Brief:
Find "2 bedroom flat to rent - Photo 5" and "Brabantia Bo afvalemmer" in the records below. Copy the lines holding them and every line between, exactly, and no others.

(Listed entries begins)

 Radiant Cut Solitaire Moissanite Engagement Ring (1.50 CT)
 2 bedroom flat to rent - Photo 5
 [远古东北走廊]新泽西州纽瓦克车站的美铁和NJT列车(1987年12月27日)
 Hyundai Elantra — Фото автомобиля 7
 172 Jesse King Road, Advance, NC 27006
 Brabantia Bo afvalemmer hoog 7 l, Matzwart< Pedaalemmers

(Listed entries ends)
(Listed entries begins)

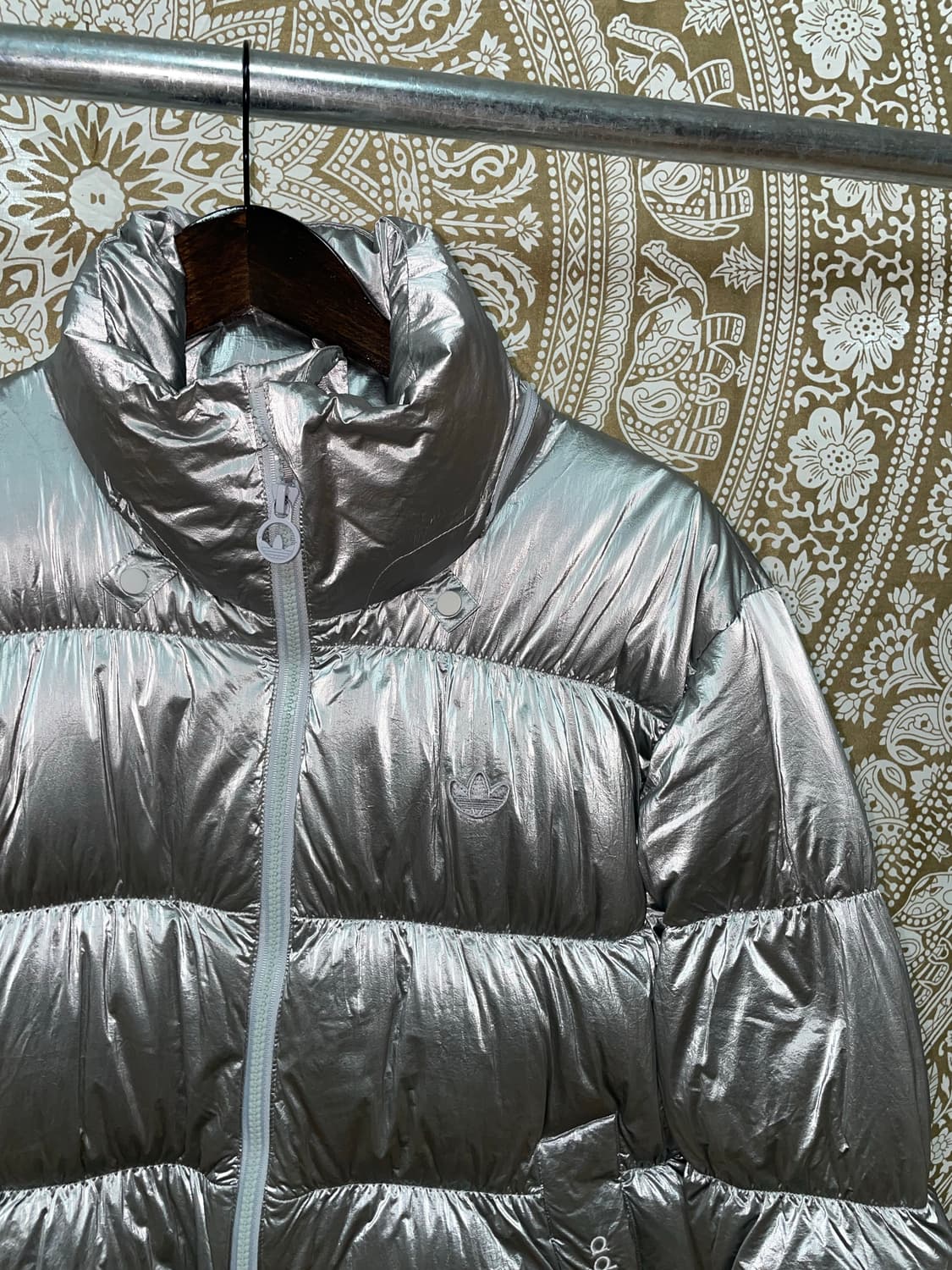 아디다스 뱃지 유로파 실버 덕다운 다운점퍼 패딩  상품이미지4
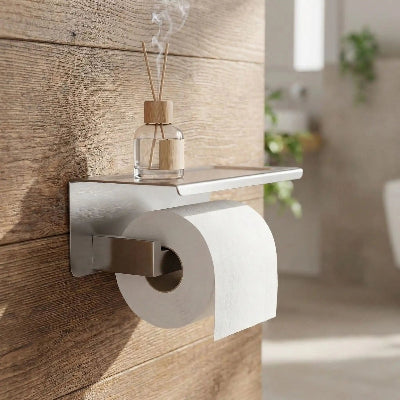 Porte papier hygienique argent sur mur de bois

(Listed entries ends)
(Listed entries begins)

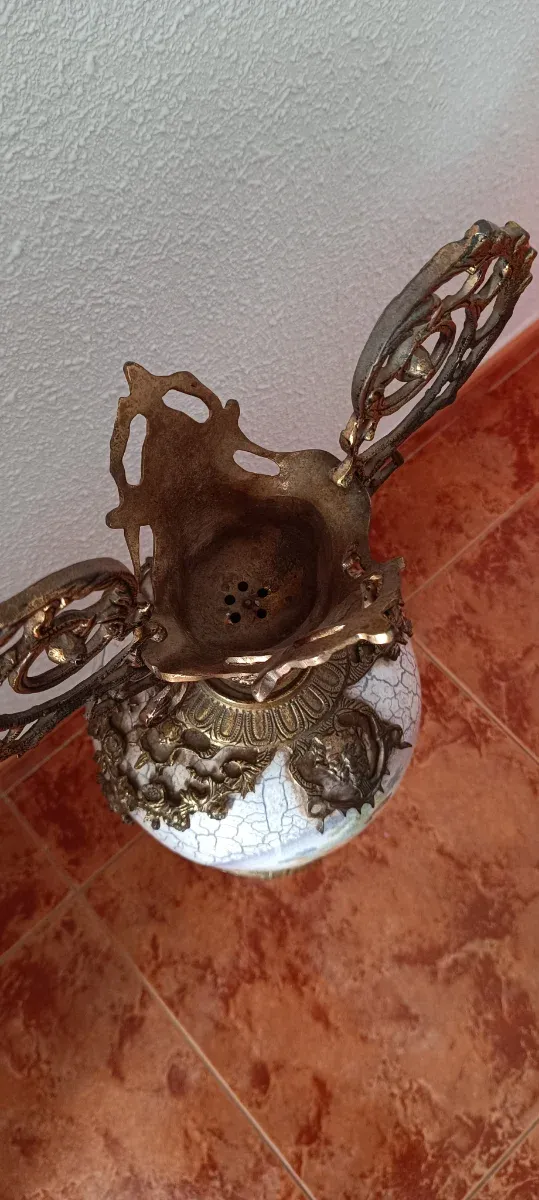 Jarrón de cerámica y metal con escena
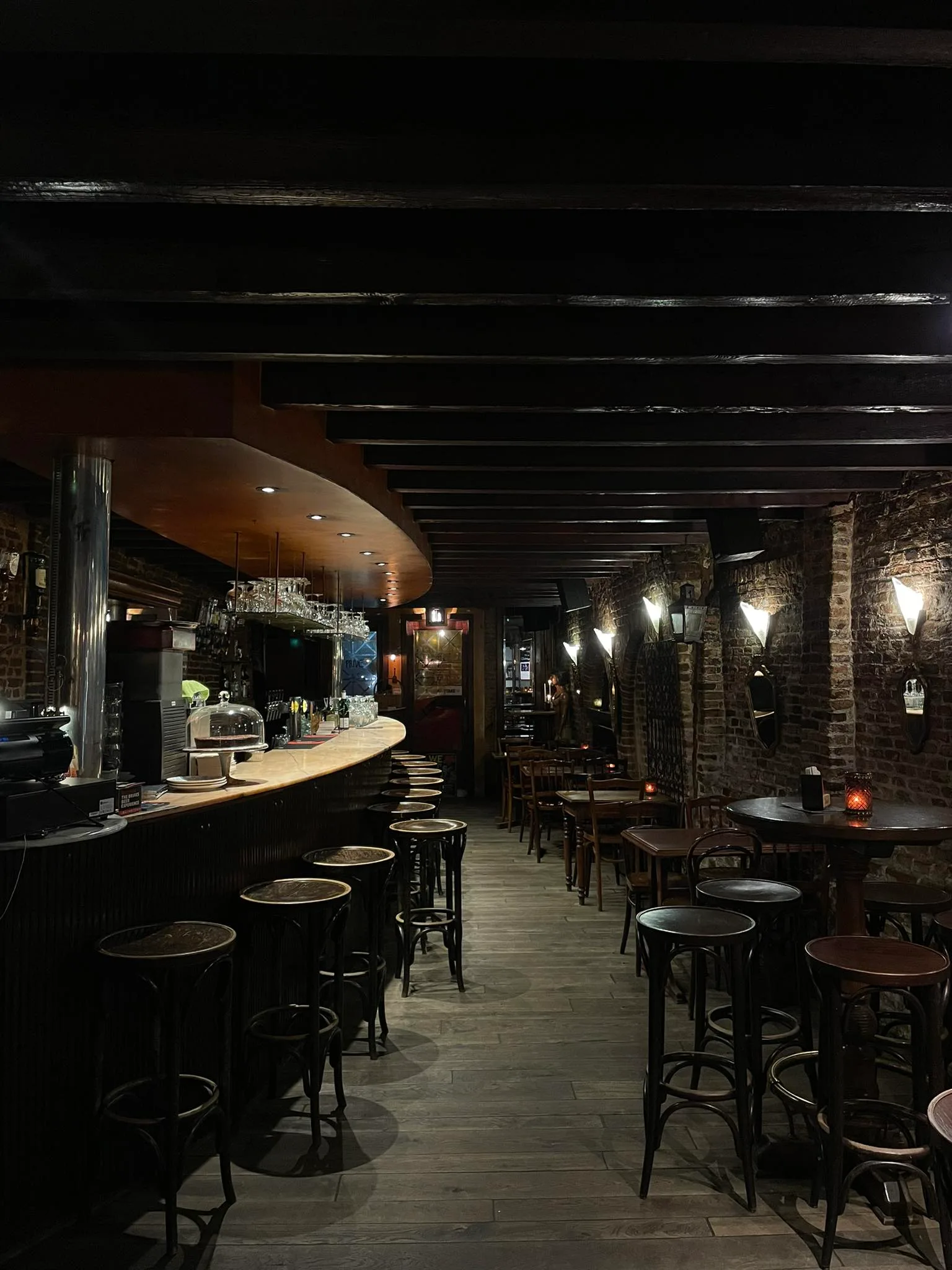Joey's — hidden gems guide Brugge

(Listed entries ends)

Solution to this task:
 2 bedroom flat to rent - Photo 5
 [远古东北走廊]新泽西州纽瓦克车站的美铁和NJT列车(1987年12月27日)
 Hyundai Elantra — Фото автомобиля 7
 172 Jesse King Road, Advance, NC 27006
 Brabantia Bo afvalemmer hoog 7 l, Matzwart< Pedaalemmers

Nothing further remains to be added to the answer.